Answer ... Following an amendment to the Act against Restraints of Competition (ARC) in 2017, there are now two alternative sets of thresholds. Besides the traditional turnover-based threshold, there is also an alternative threshold that takes into account the transaction value. German merger control applies if one of these sets of thresholds is triggered.
The turnover thresholds (referring to the last full business year) are triggered if:
- the combined worldwide turnover of all undertakings concerned exceeded €500 million;
- one undertaking concerned had a turnover exceeding €25 million within Germany; and
- at least one further undertaking concerned had a turnover in Germany exceeding €5 million.
The alternative thresholds (taking into account transaction value) are triggered if:
- the combined worldwide turnover of all undertakings concerned exceeds €500 million;
- one undertaking concerned had a turnover exceeding €25 million within Germany, but neither the target nor any other undertaking concerned had turnover of more than €5 within Germany;
- the transaction value exceeds €400 million; and
- the target has significant activities in Germany.

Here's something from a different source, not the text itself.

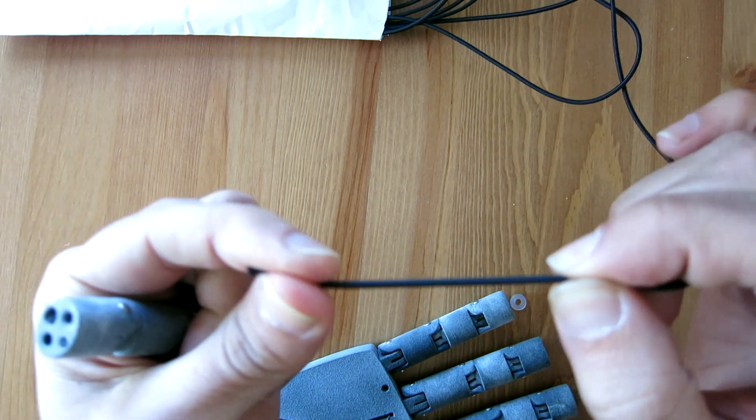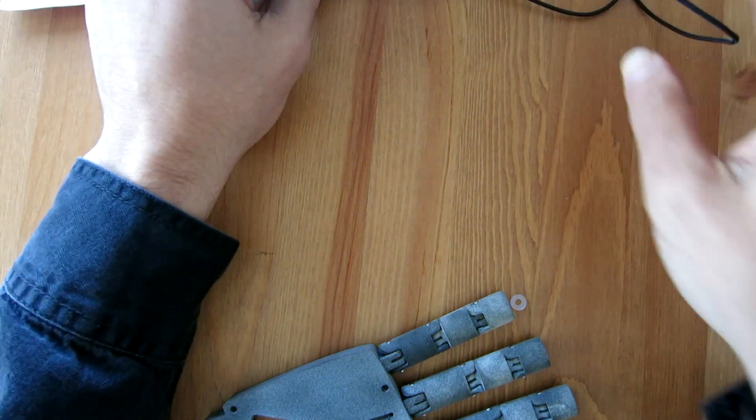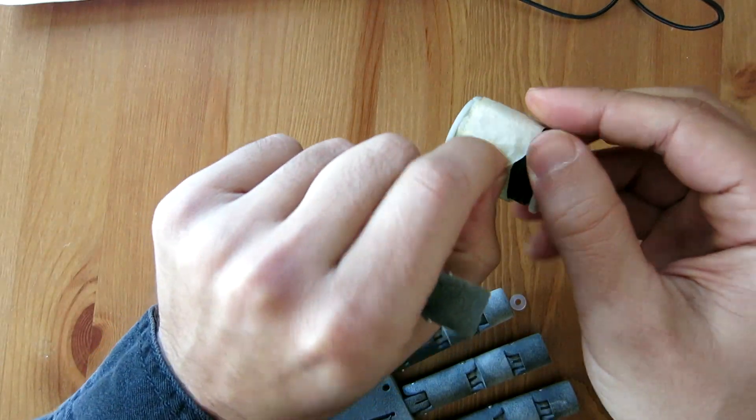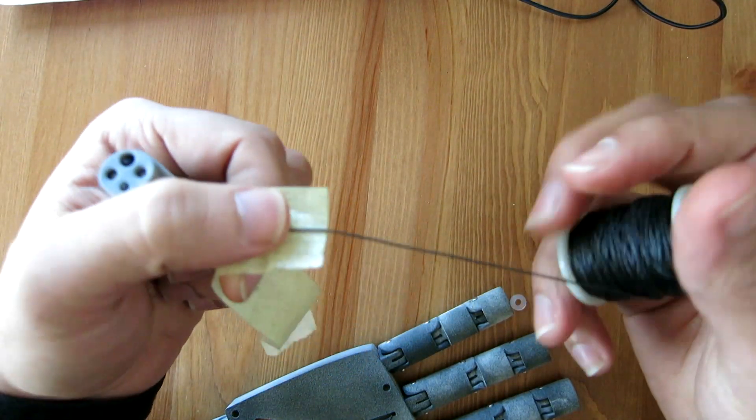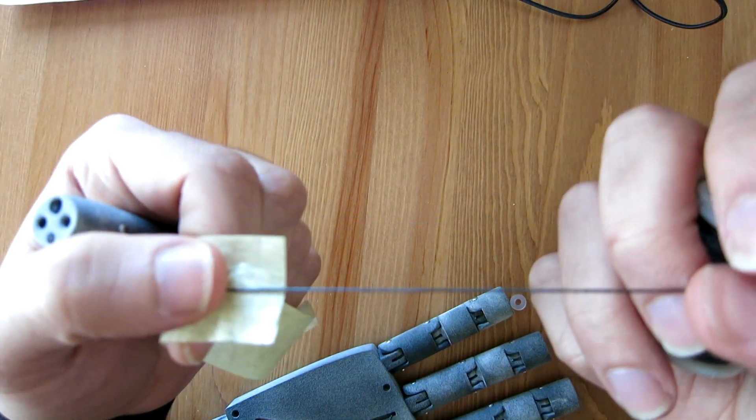This is the elastic that's returning the finger to its extended position, and this is the thin synthetic rope or cable I'm using as the artificial tendon.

The ‘undertakings concerned’ are always the acquirer and the target. However, if another party either (solely or jointly) controls or holds an interest of at least 25% in the target, its turnover must also be taken into account. The turnover figures of each undertaking concerned must include the net turnover generated by its group (excluding intra-group turnover) in the full financial year preceding the transaction. This includes 100% of the turnover of jointly controlled companies. If necessary, adjustments should be made in order to include the turnover of acquired companies or deduct the turnover of divested companies. Geographically, turnover should be allocated to Germany if products are sold or services are provided to customers in Germany. An exception to this rule is banking or financial income, which should be allocated to Germany if it is received by the branch or division of a credit or financial institution established in Germany. There are specific rules for the calculation of the turnover of certain companies, including media companies, insurance companies and credit and financial institutions. In particular, eight times the amount of the turnover achieved by certain media companies (active in the area of newspapers, magazines, radio and television) must be taken into account.

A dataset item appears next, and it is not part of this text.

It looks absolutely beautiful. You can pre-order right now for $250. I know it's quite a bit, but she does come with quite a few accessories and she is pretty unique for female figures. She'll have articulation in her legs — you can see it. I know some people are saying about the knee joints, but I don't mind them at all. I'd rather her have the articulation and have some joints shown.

If two or more transactions are effected between identical acquirers and sellers (including their respective affiliates) within a period of two years, they shall be treated as a single transaction if, as a result, the above thresholds are met for the first time. Further, several transactions may be regarded as a single transaction if they are interrelated.

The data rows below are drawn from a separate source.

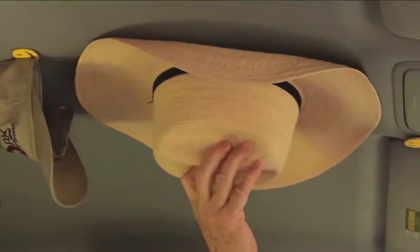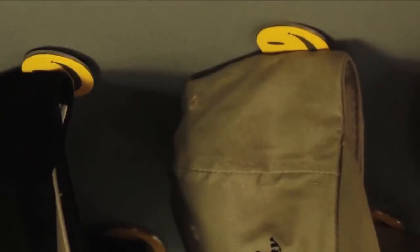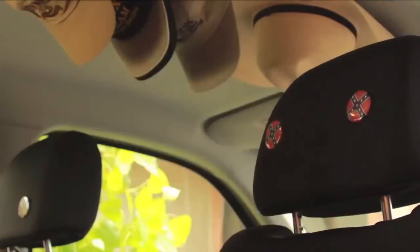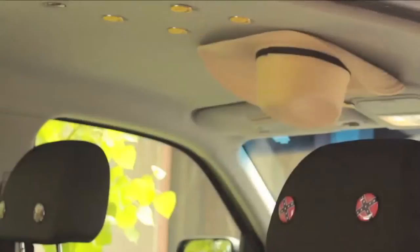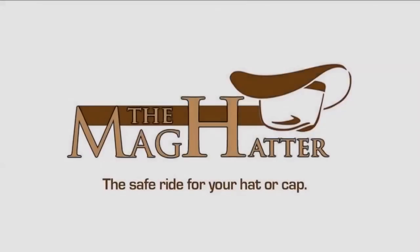All you do is take your hat off and attach it to the headliner. Very easy to install — two magnets go into the headliner, and two small pieces of metal into the hat or cap. For hats with a curve, you can use the Mag Hatter on the back of your headrest. When you stop and get ready to go, you grab your hat, put it on your head, and away you go. With the Mag Hatter, your caps and hats ride safely and out of the way.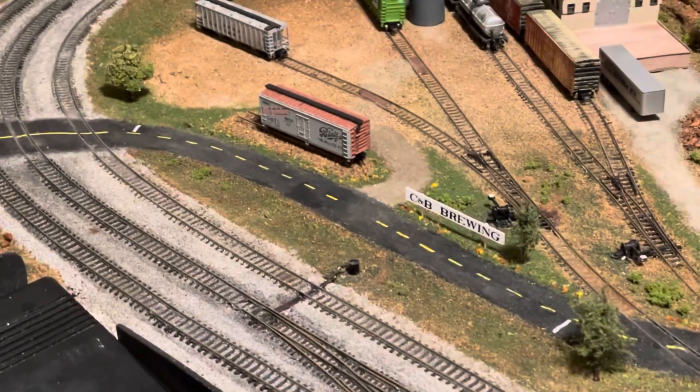Hey guys, it's Friday February 26, 2021, and I've got layout update number 45 for you. I'll flip this thing around and show you what I did this week. Straight off, I added a little bit of grass detail to the front of the brewery.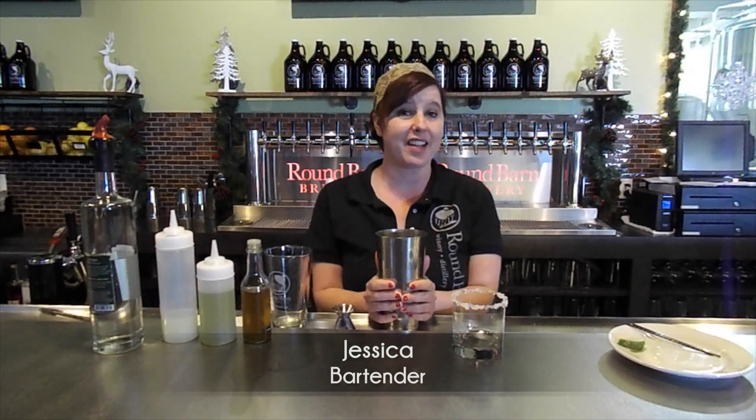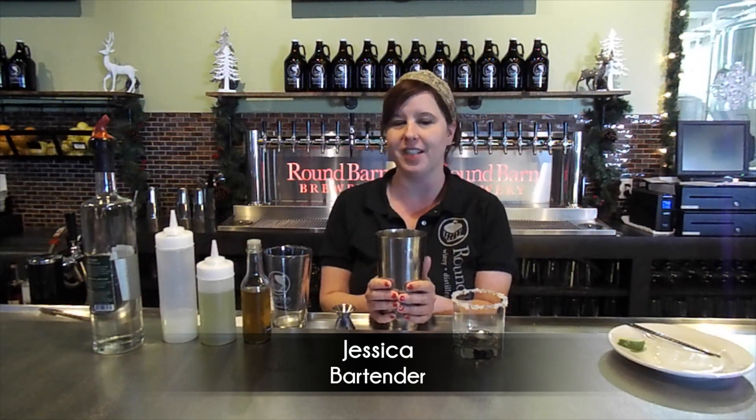Hi, I'm Jessica from Round Barn Brewery and Public House. Today we're going to make the Spicy Senorita — it's our version of a jalapeño margarita.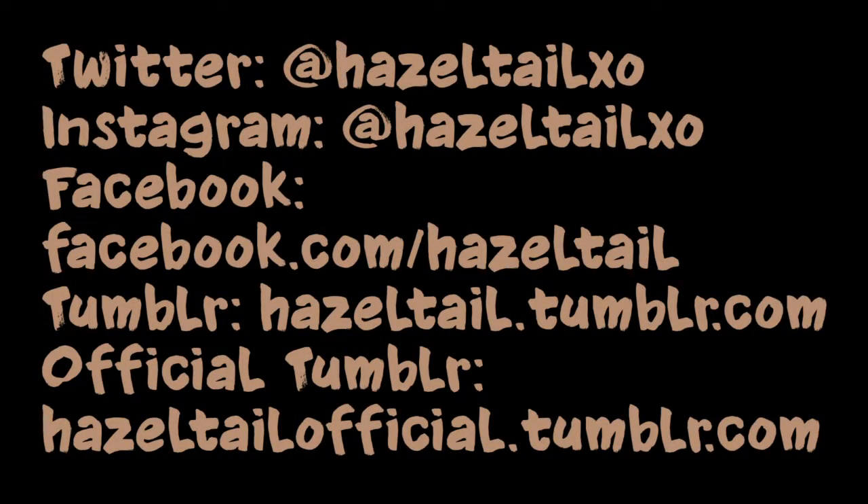But that's it! I really hope you guys liked the video. If you did, hit subscribe so you can see more, and like so I know that you liked it. If there are any videos you want to see, just leave them in the comments. I'm also on Twitter and Instagram at hazeltailxo, on Tumblr at hazeltail.tumblr.com, and my beauty Tumblr is hazeltailofficial.tumblr.com. I'll see you guys in the next video. Bye!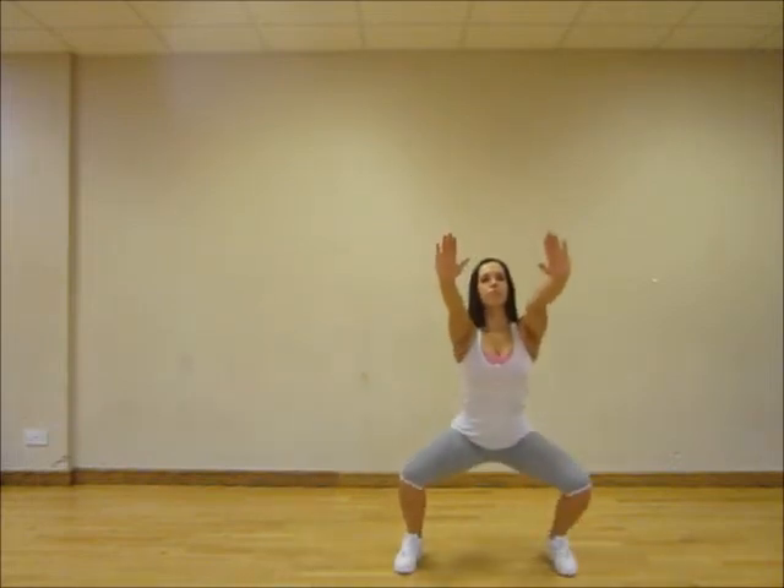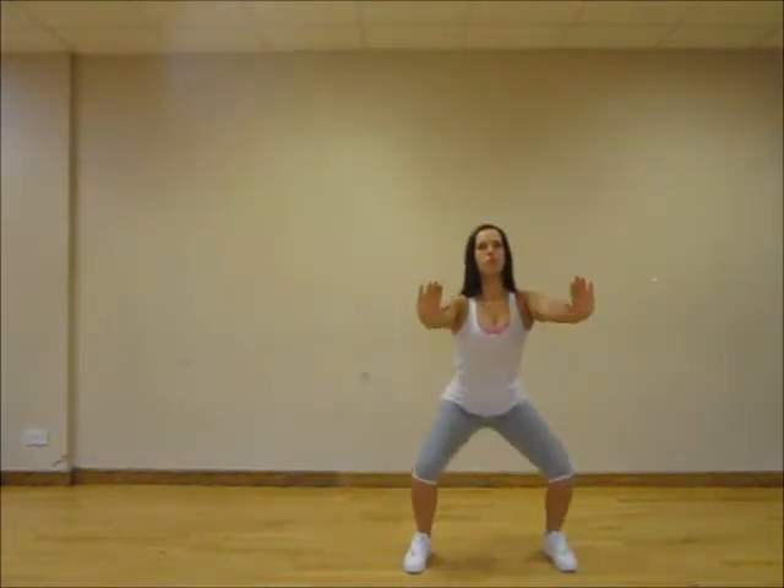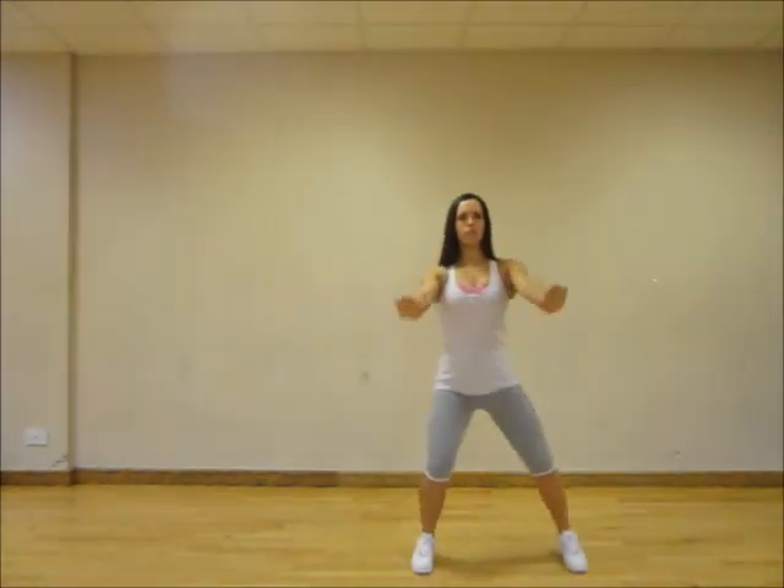But it also hits the inside and outside of your thighs while stepping in this manner. Keep your movement controlled and breathe throughout.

‘Transaction value’ includes (but is not limited to) cash, securities, company shares not traded as securities, other assets (eg, real estate, tangible assets, current assets), intangible assets (eg, licences, usage rights, rights to a company name and trademark rights), liabilities assumed and consideration for non-competition. In addition, parties must take into account future and variable purchase price components (eg, earn-outs). ‘Significant activities in Germany’ are activities that do not yet account for significant turnover, but indicate a significant competitive potential. The FCO has published a guidance paper, entitled “Guidance on Transaction Value Thresholds for Mandatory Pre-merger Notification”, that provides further details on both concepts.